For instance, in August of 2008, a federal agency in the Midwest issued a "sole source" contract "extension" for an interventional radiology contract. Because we were following this for a local IR group, we did a little research and quickly discovered that the contract was first put up for competitive bid and awarded in 2004, originally for a base year, plus two option years scheduled to end in 2007. So, if it takes, say, several months to plan an acquisition, solicit bids and evaluate offers, then you might reasonably assume that the government would start the re-procurement process some five or six months before the contract expires, so that they would be in a position to have a contractor in place and ready to begin as soon as the old contract expires. Well, guess what happens when you don't (or won't) plan ahead and are not ready to put a new contract in place? If you're a government agency, you issue the proverbial J&A claiming there's an "urgent and compelling" need to award the contract to the incumbent to avoid interruption of critical services.

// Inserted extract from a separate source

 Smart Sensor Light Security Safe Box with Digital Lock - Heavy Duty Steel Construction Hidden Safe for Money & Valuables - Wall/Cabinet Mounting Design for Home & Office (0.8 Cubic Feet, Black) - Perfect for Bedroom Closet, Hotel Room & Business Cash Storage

In the example above, a contract that was known at the outset to run for three years is extended through a series of successive "interim" or "bridge" contracts for, say, three months, then six months, then another six months, etc. Before you know it, the incumbent has had its original three-year, competitively awarded contract extended by another three years without competition. And this is because of an "urgent and compelling need" that somehow unexpectedly occurs, almost like clockwork, right around the time when the current interim contract is about to expire. It seems that three years is woefully inadequate for an agency to plan well enough in advance to have put the contract up for competitive bid and select a new contractor, or even select the incumbent through a legitimate competition.

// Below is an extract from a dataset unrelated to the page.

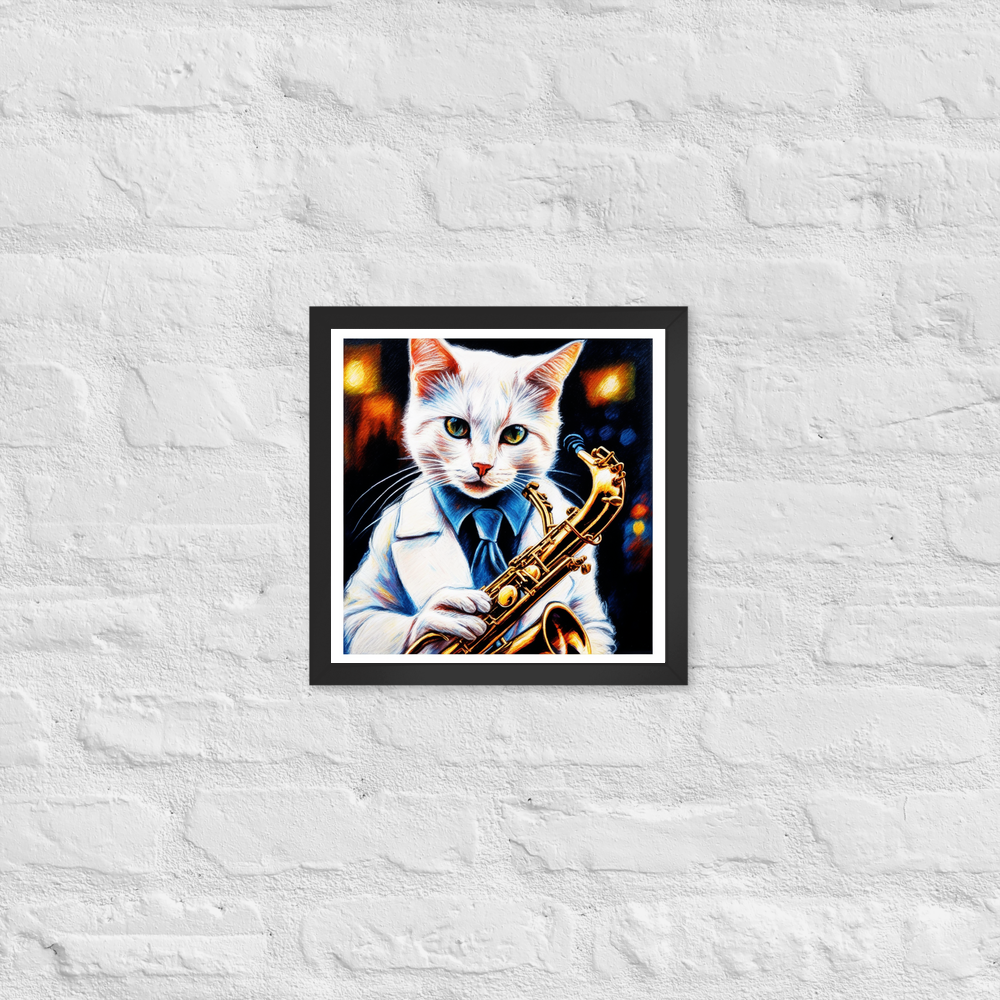 PugMug Custom White Companion Cat Framed Print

Virtually every administration—including the current one—pledges to rid the government of waste, fraud and abuse in contracting, and yet somehow, no-bid contracts seem to continue uninterrupted. It happens all the time. Shortly after President Obama came into office, he issued an executive order putting agencies and contractors on notice that there was a new "sheriff" in town, that no-bid contracts were shortly to be a thing of the past and that he had directed the OMB to issue guidelines to agencies that would clamp down on unnecessary abuse of contract abuses, such as inappropriate use of sole source contracts.